Monday, April 6, 2009

Final Air Carrier Access Act Requires Rest Stops for Service Animals

Flying with a service dog, just like flying with a toddler, has never been for the faint of heart. Planning to fly as a person with a disability who is also partnered with a service dog takes attention to detail including such important things as will there be time to use the bathroom. When I began traveling with my first service dog Bastien I received some sage advice from an experience service dog partner, "Fly them high and dry." By this statement the person meant restricting access to food and water before a flight, along with making sure they are empty before you set foot in the airport. With more that a decade of partnership and hundreds of flights under our belt this advice has never failed to ensure that my service dog and I could make it to our final destination without the worry of a possible bathroom incident on the dog's part.
I was please to find in my email this morning a notice from the International Association of Assistance Dog Partners (IAADP) that in the Updated Air Carrier Access Act Final Rule due to take affect May 13, 2009 "One new requirement at U.S. airports is to provide, in cooperation
with the airport operator, animal relief areas for service animals that accompany passengers who are departing, arriving, or connecting at the facility. (see page 939 section 382.51)"

The rule does not specify the what where or how of the relief area, so it is up to the service dog community to help our local airport operators understand the unique needs of the service dog community when it comes to the practicalities of a relief area. While many airports have installed pet relief areas the location, distance, having to leave the secured area and have time to be re-screened by security, and conditions often make it impossible for service dog and their human partners to avail themselves of the facility, no matter how much they might wish to.

For a relief area for service dog to be practical IAADP makes the following recommendations:

1. Contact your closest airport and ask whether the mandated relief areas have been installed. If the answer is no, then find out when that will be done and who is responsible for the installation.

2. The probability is nothing has been done and it is important for you to inform the airlines and airport management they have a very short time to be in compliance with DOT's New Rule. Offer your expertise in developing an accessible and convenient facility. Also, stress the point that escort providers and other staff need to know where the relief areas are located.
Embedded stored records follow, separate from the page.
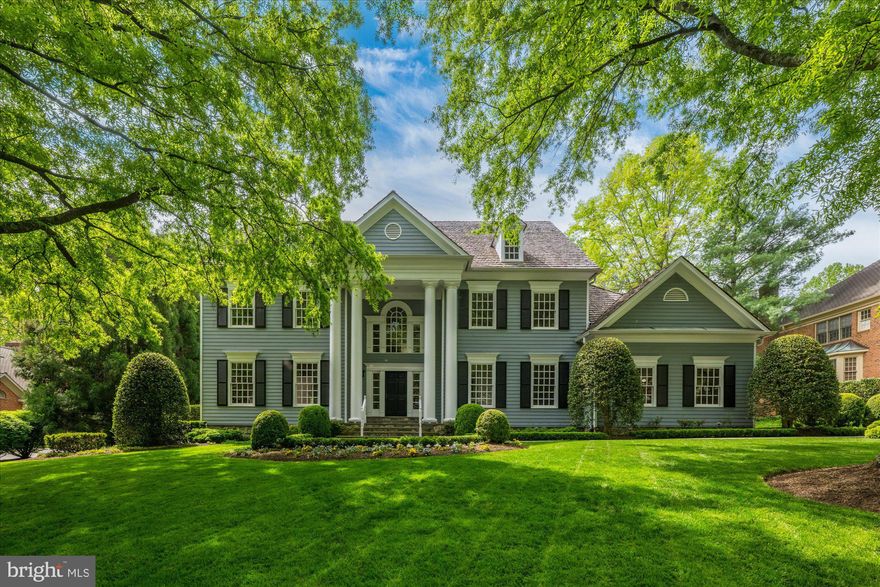 Tucked away on a quiet cul-de-sac in sought-after Woodlea Mill, 8405 Brookewood Court offers an exceptional combination of scale, layout, and resort-style outdoor living across approximately 7,000 square feet. The main level is thoughtfully designed for both everyday living and elegant entertaining, featuring a dramatic two-story foyer and a stunning two-story family room with soaring 19’+ ceilings and a gas fireplace. Formal living and dining rooms provide classic gathering spaces, while a private study offers ideal work-from-home functionality. The spacious kitchen opens to a light-filled breakfast room and is complemented by a walk-in pantry and adjacent mudroom, with direct access to the three-car garage. Multiple access points lead to the outdoor living areas, seamlessly blending indoor and outdoor spaces. Upstairs, the expansive primary suite serves as a true retreat, complete with a tray ceiling, dual walk-in closets, and a large en-suite bath with a soaking tub and separate shower. Three additional generously sized en suites include ample closet space and access to well-appointed bathrooms, all overlooking the open foyer below. The walk-out lower level is designed for recreation and relaxation, featuring a large recreation room with fireplace, a game room, media area, and a full wet bar. A fifth bedroom and full bath provide excellent guest or au pair accommodations, while additional unfinished space offers great storage space.  Outdoor amenities elevate the property to a private retreat, highlighted by a swimming pool, multiple patios, terraces, and a deck—ideal for entertaining or relaxing. With its expansive layout, versatile living spaces, and exceptional private backyard and outdoor amenities, this home delivers the perfect blend of comfort, functionality, and lifestyle in a prime McLean location just minutes to Tysons, the Toll Road and 495.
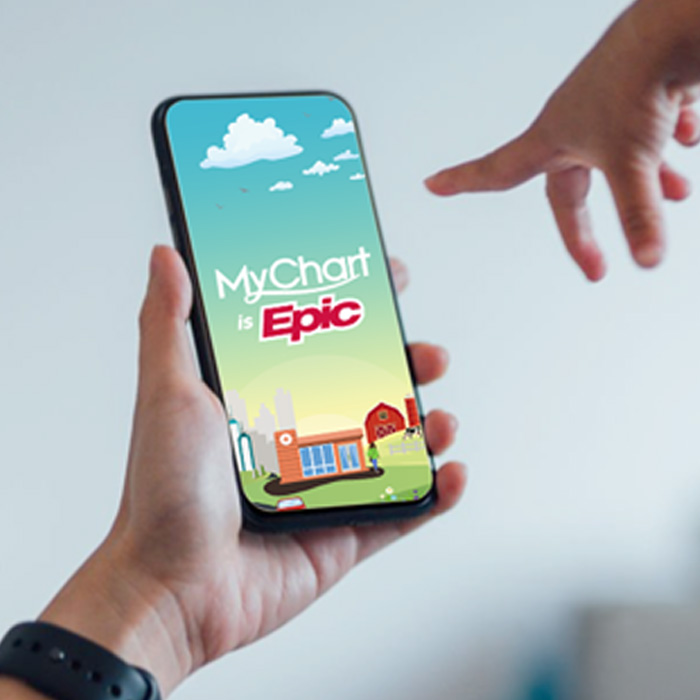Hands hold a phone with MyChart displayed on it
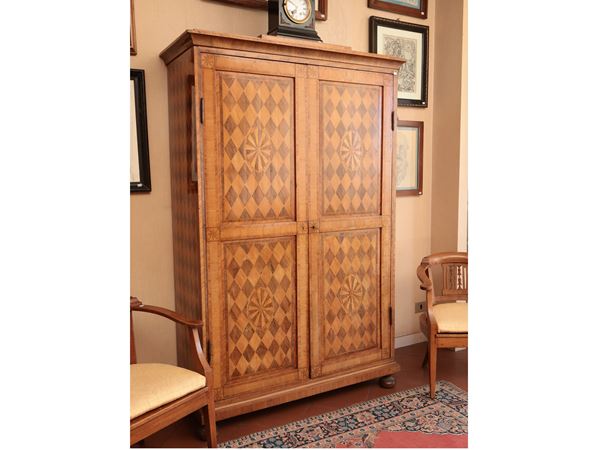 Wardrobe veneered and inlaid in walnut and other essences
3. Make a case for placing the relief area within the secured perimeter. Reasons for this are:

A. It will be more convenient for travelers with disabilities accompanied by assistance dogs not to have to go through security after taking their dogs to the relief area. The disabled community constitutes a significant segment of those who travel by air and airlines should be providing greater service to us. The need to take your canine assistant to a relief area outside the terminal can result in missed flights and major inconvenience and discomfort for you.

B. Having to go through security not only places a burden on the disabled passenger but on the security check operation, as well. Many partners accompanied by assistance dogs must go through an intensive search because the assistance dog equipment sets off the alarm system requiring a time consuming hands on search. This not only delays us, but also causes delays to other passengers and takes the time of TSA staff. By providing the relief area within the secured perimeter, this unnecessary use of security checking time and personnel can be avoided.
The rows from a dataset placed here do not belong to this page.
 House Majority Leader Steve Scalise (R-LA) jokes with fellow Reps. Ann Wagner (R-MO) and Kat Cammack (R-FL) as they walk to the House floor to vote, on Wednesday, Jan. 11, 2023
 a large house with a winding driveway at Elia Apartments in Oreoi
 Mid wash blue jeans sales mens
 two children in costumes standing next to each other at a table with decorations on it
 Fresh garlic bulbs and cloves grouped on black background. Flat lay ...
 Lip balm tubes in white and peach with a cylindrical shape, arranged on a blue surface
C. Since the escort service is required to accompany the disabled person/assistance dog team to and from the relief area, their time commitment would be significantly decreased If the relief area were within the secured perimeter. This would decrease the cost to airlines.
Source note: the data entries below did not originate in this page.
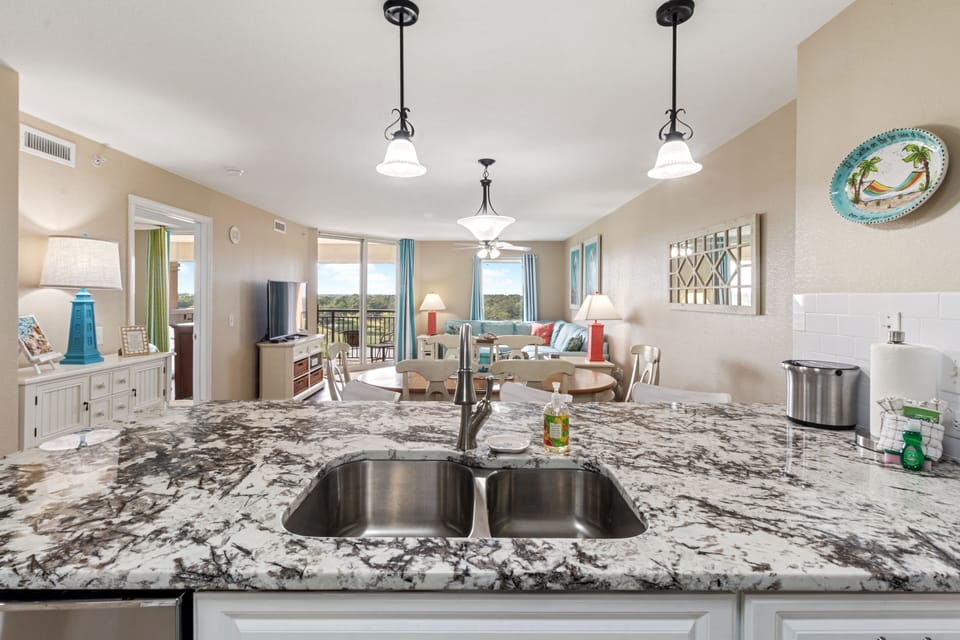 Your spacious open-concept kitchen flows seamlessly into the living area, with granite countertops and modern appliances making meal prep effortless.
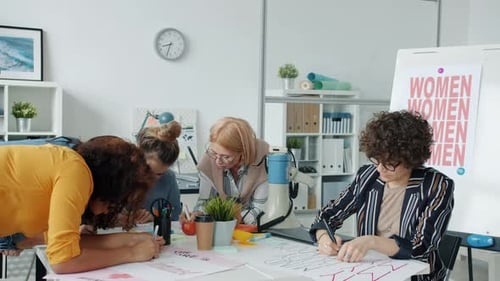 Group of Independent Women Drawing Posters for Gender Equality Protest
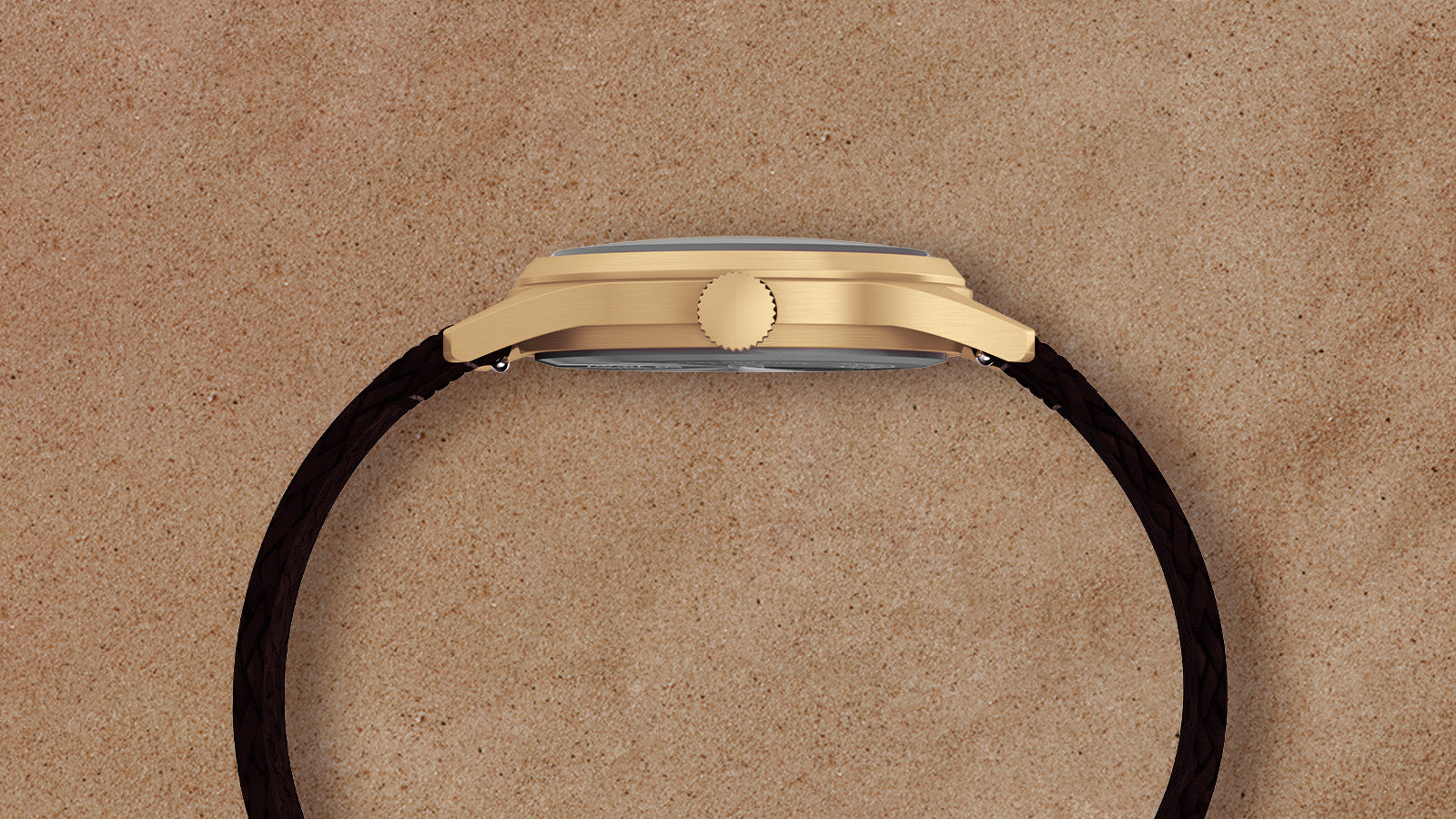 Side profile of Timex MK1 watch with gold-tone case and braided brown leather strap against a tan background.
4. It is Important to emphasize the need for you to be involved in the actual design and placement of the relief area to make it fully accessible and convenient for disabled passengers.

I know that my local airport has an area that would be very suitable based on the above recommendations, since I go through there several times a year and I can't wait to work with them on this! For more information on this or a sample letter you can use contact IAADP.


Blogdog said...

Excellent post Melissa. We are thinking of bringing Clive over to Boston this July (flying from Ireland) so it was very intersting to find about US legislation.

little man's mum

Melissa Mitchell said...

You guys are such jet setters!

Anonymous said...

I wish we had this in Australia!

Melissa Mitchell said...

Dear Monsqueek,
maybe the example will be followed by other countries, who knows.